Plaquette rectangulaire de cornaline, teintée artificiellement sur les deux faces d’un blanc laiteux, la tranche biseautée garde sa couleur naturelle rouge, 9 x 4 x 2 mm, IVe siècle ap. J.-C., collection privée. Le fond gravé en creux laisse aparaître le rouge de la cornaline, l’inscription LVCIFER sur deux lignes et son cadre en tabula ansata conserve la couleur blanche de la surface et ressort en relief.

La teinture artificielle de la cornaline, probablement obtenue à l’aide de soude caustique, aux fins d’imiter le rendu de l’agate à deux couches, a été utilisée depuis des millénaires en Mésopotamie et en Inde pour décorer les perles¹. À la fin du IIe s. et au cours du IIIe s. ap. J.-C., en parallèle à l’engouement pour le nicolo, on rencontre quelques rares cornalines teintées gravées en intaille. Elles sont préparées pour donner un rendu proche de celui du nicolo : sur une surface claire, la gravure ressort foncée ainsi que le biseau qui encadre l’image². Au IVe s. ap. J.-C., les cornalines teintées remplacent progressivement les agates à deux couches pour la production de camées avec inscriptions grecques ou latines³.
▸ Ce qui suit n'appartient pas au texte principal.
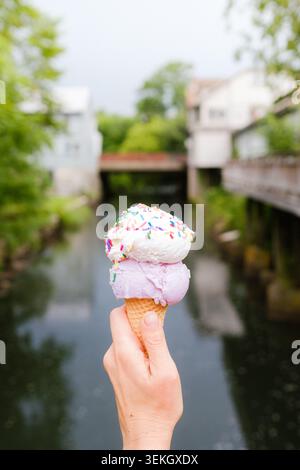 Eine Frauenhand, die im Sommer am Fluss in West Stockbridge in den Berkshires, Massachusetts, USA, ein Eis mit Streuseln hält. Stockfoto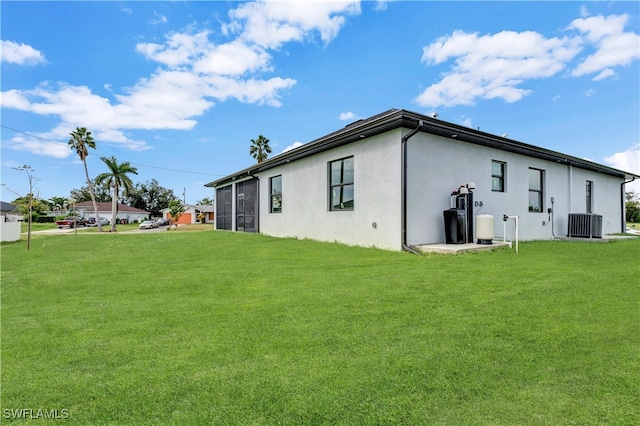 back of property with a yard and central air condition unit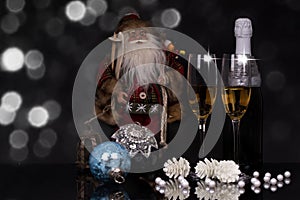 Glasses champagne, bottle, Santa Claus and Christmas decoration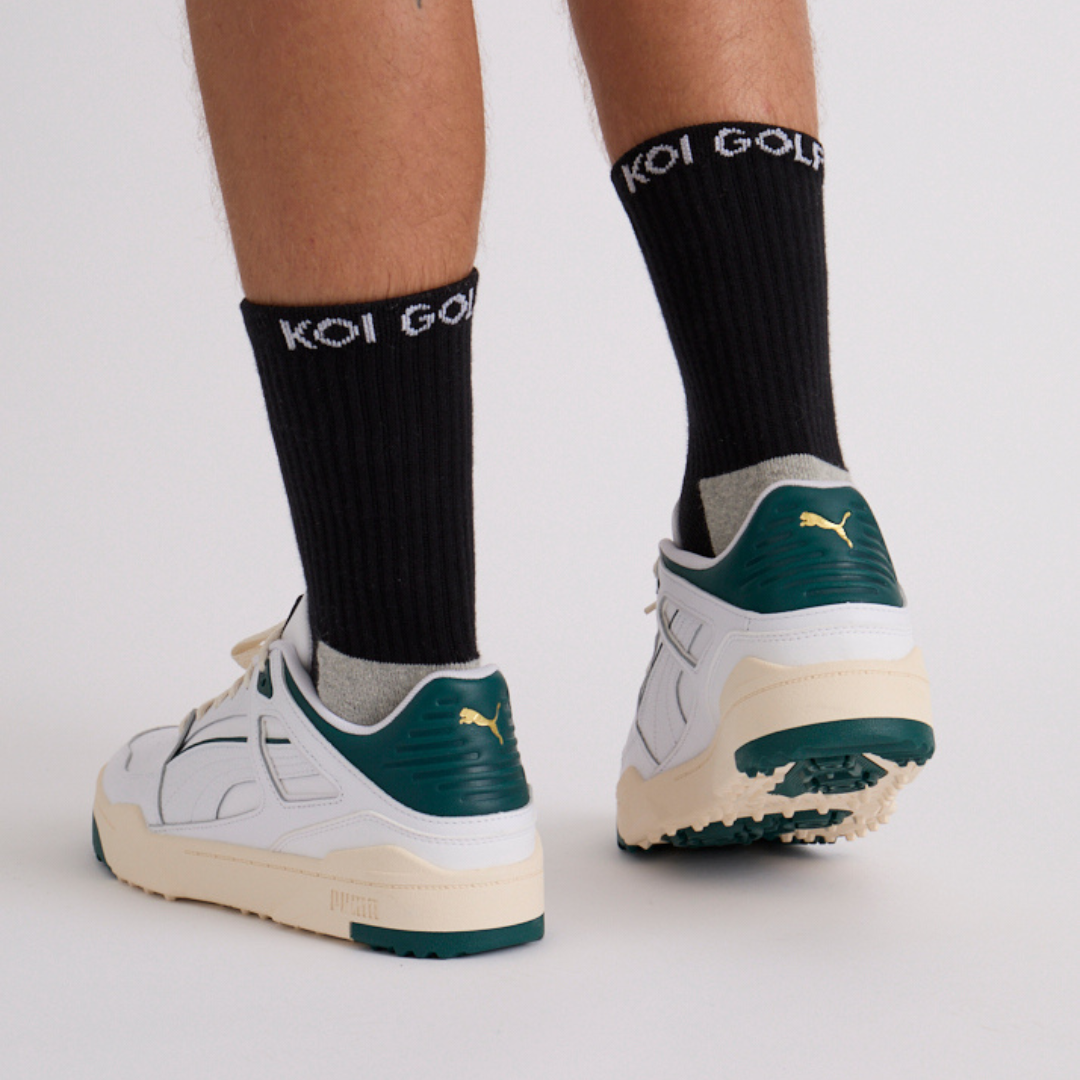 Rear view of black crew mens golf socks in shoe – cushioned heel and sweat-wicking panels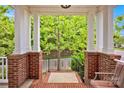 Inviting front porch with classic brick columns and a charming view of the outdoors at 14940 Carbert Ln, Huntersville, NC 28078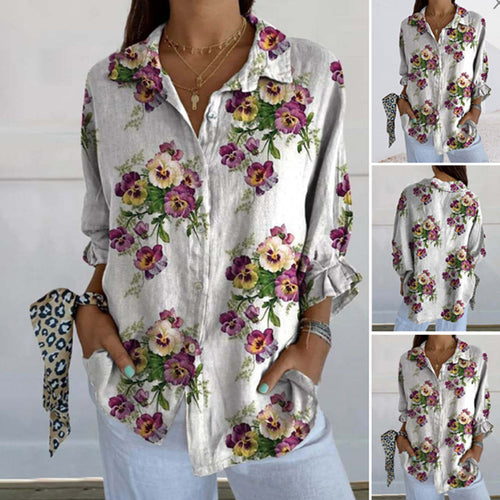 Damebluse i blomsterdesign med skjult knappelukking Skjora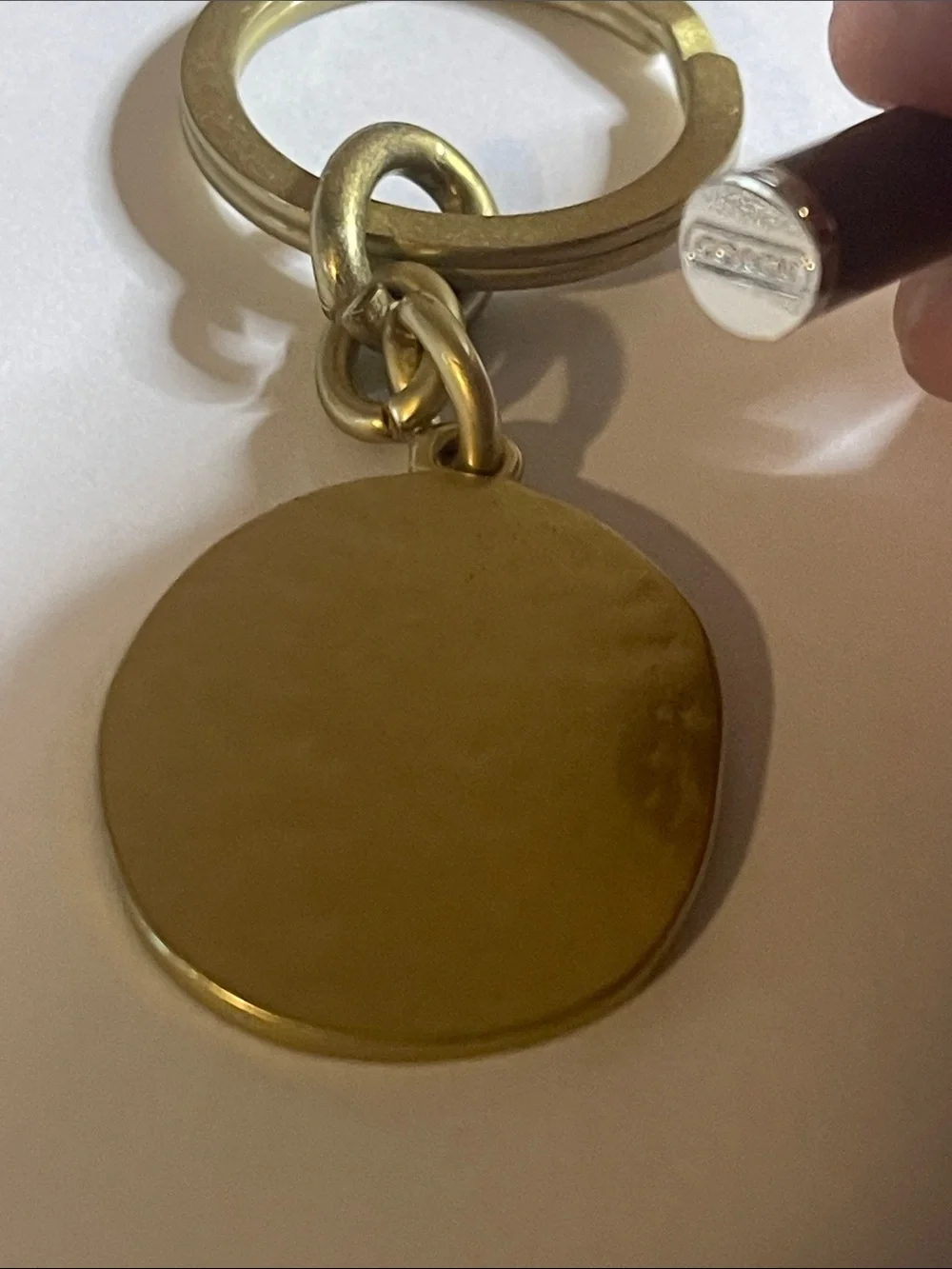 Coach Brass-Tone Round Logo Keychain and Coach Pen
Lucifer est le porteur de lumière. Pour les grecs, Phosphoros, celui qui amène la lumière ou Eosphoros, celui qui amène l’aube. Fils de la déesse Aurore, conducteur des astres et de la lumière, il est chargé d’atteler et dételer les chevaux du char d’Apollon. Il personnifie la connaissance. À la fin du IIe s. et au IIIe s. ap. J.-C., la légende Diana Lucifera aux revers des monnaies romaines fait référence à la Diane romaine originelle⁴, soeur d’Apollon porteuse de lumière. À la fin du deuxième chant de l’Enéide de Virgile, Lucifer apparaît comme le porteur de l’aurore au lendemain de la chute de Troie⁵.

La planète Vénus appelée communément Etoile du berger précède à l’Est le lever du soleil et se montre à l’Occident dès le crépuscule. Etoile du matin, elle se nomme Lucifer et prend le nom de Vesper quand elle devient étoile du soir.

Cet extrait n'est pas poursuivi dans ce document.